## Task goal
Beginning at the line that contains "[予約商品] WOOL GABARDINE", repeat each line exactly through the last one of the records below, and leave out the pictures.
[The input — start]
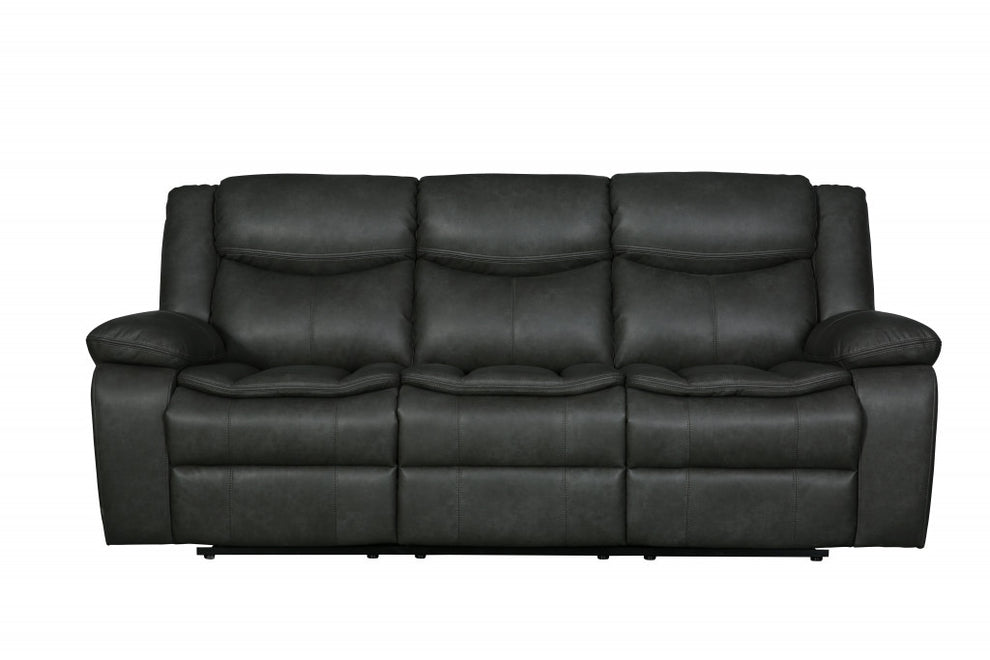 Gray Sofa Love By Homeroots - 366302 | Sofas | Modishstore - 5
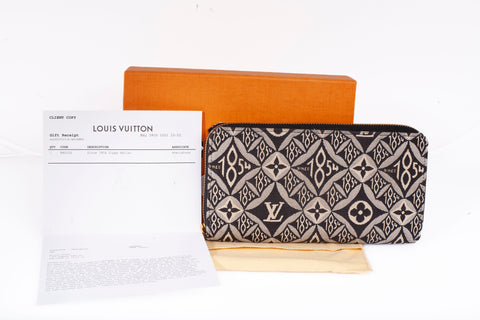 Authentic Louis Vuitton Jacquard Since 1854 Zippy Wallet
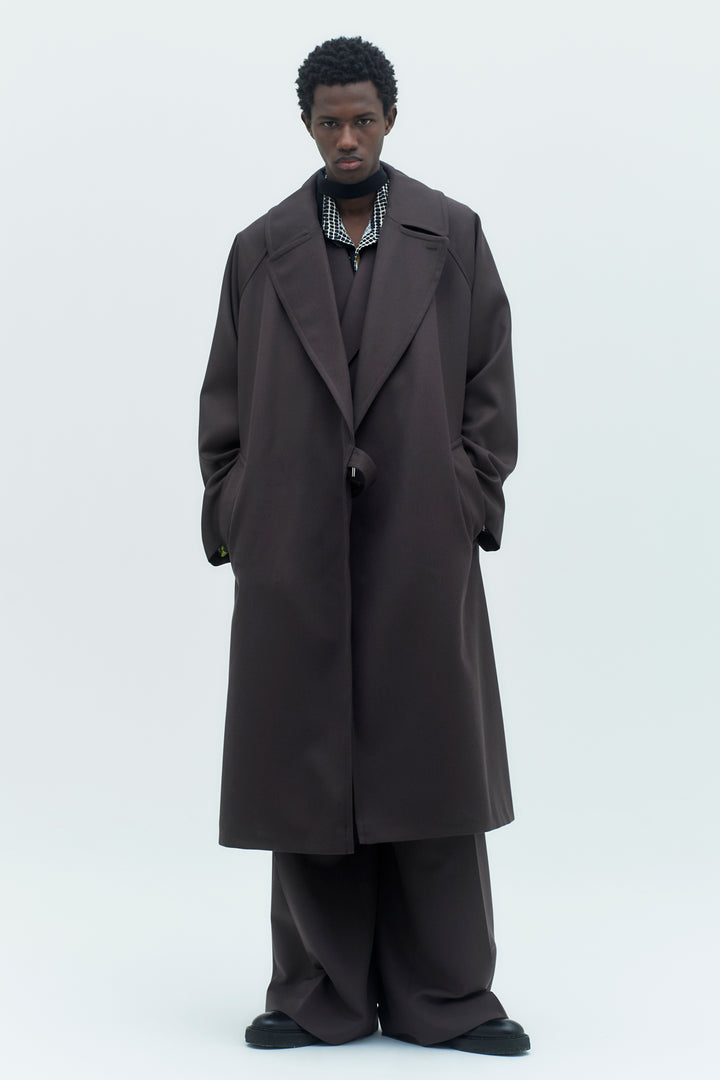 [予約商品] WOOL GABARDINE TIELOCKEN COAT | ウールギャバジンタイロッケンコート [2026A/W]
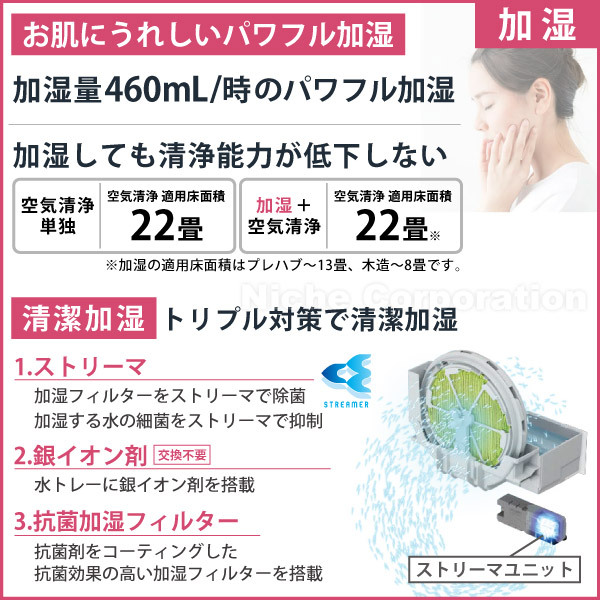 自然大好き!ニッチ・リッチ・キャッチ 加湿機能付き ダイキン 自然大好き!ニッチ・リッチ・キャッチ 加湿機能付き ダイキン
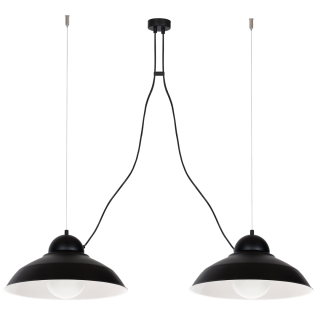 Lampa wisząca GUSTAV BLACK 2xE27 MLP4814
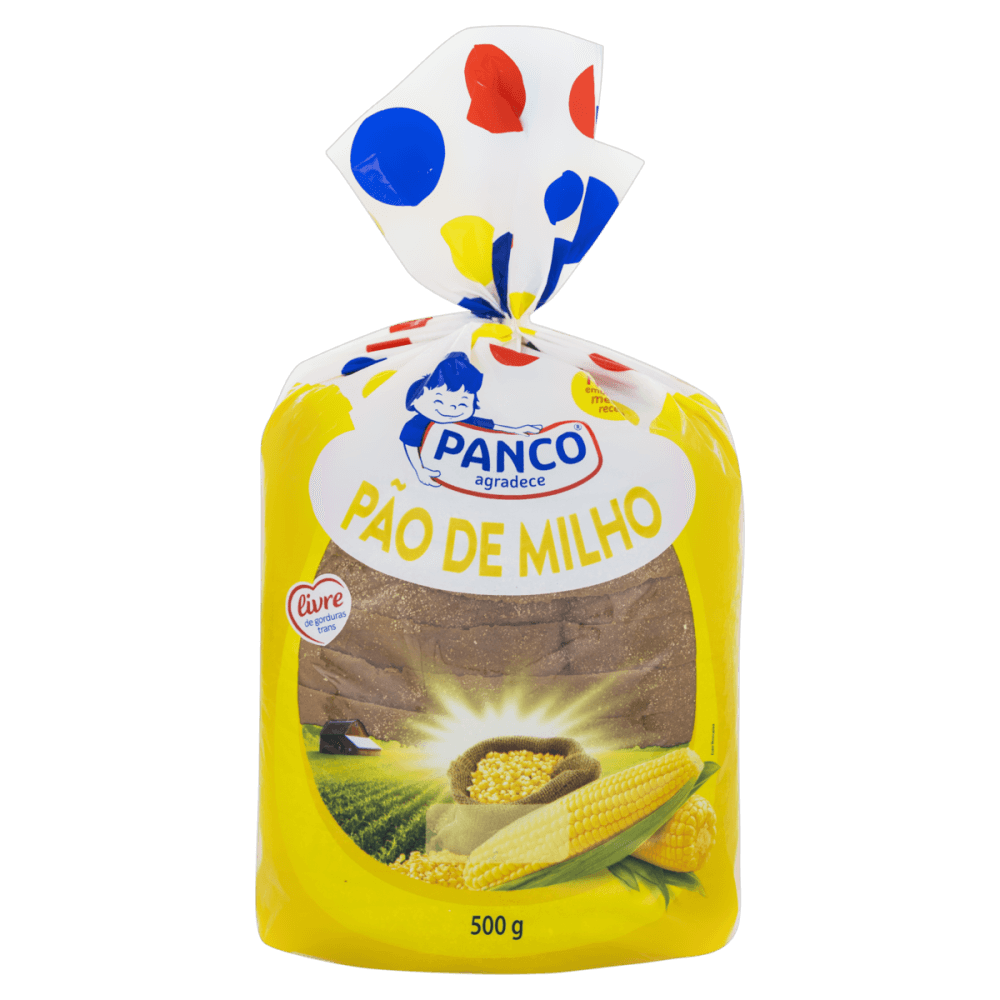 Pão Caseiro de Milho Panco Pacote 500g
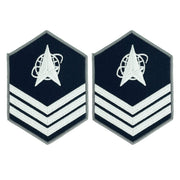 Space Force Chevron Embroidered: Sergeant - Large Color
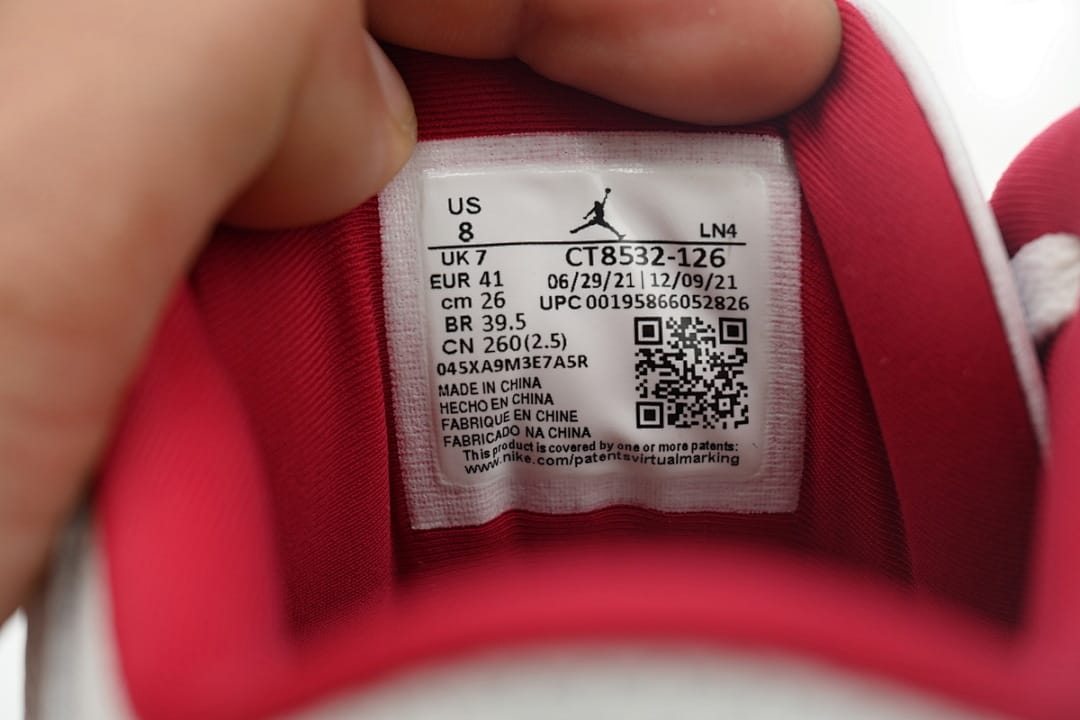 Air Jordan 3 Retro Cardinal Red (Colorway 2)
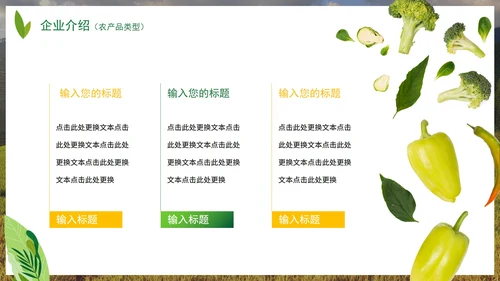 实景天然绿色生态农产品介绍PPT模板
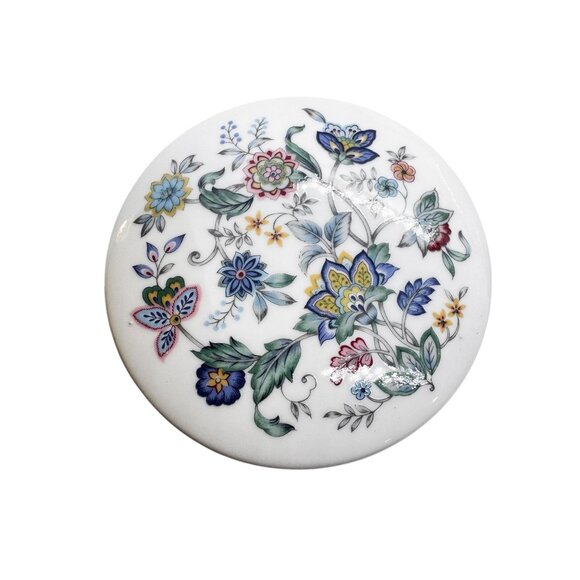 Andrea By Sadek Floral Teapot & Cup Set Porcelain Gold Trim Butterfly Design - Picture 6 of 16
[The input — finish]
## Exercise solution
 [予約商品] WOOL GABARDINE TIELOCKEN COAT | ウールギャバジンタイロッケンコート [2026A/W]
 自然大好き!ニッチ・リッチ・キャッチ 加湿機能付き ダイキン 自然大好き!ニッチ・リッチ・キャッチ 加湿機能付き ダイキン
 Lampa wisząca GUSTAV BLACK 2xE27 MLP4814
 Pão Caseiro de Milho Panco Pacote 500g
 Space Force Chevron Embroidered: Sergeant - Large Color
 Air Jordan 3 Retro Cardinal Red (Colorway 2)
 实景天然绿色生态农产品介绍PPT模板
 Andrea By Sadek Floral Teapot & Cup Set Porcelain Gold Trim Butterfly Design - Picture 6 of 16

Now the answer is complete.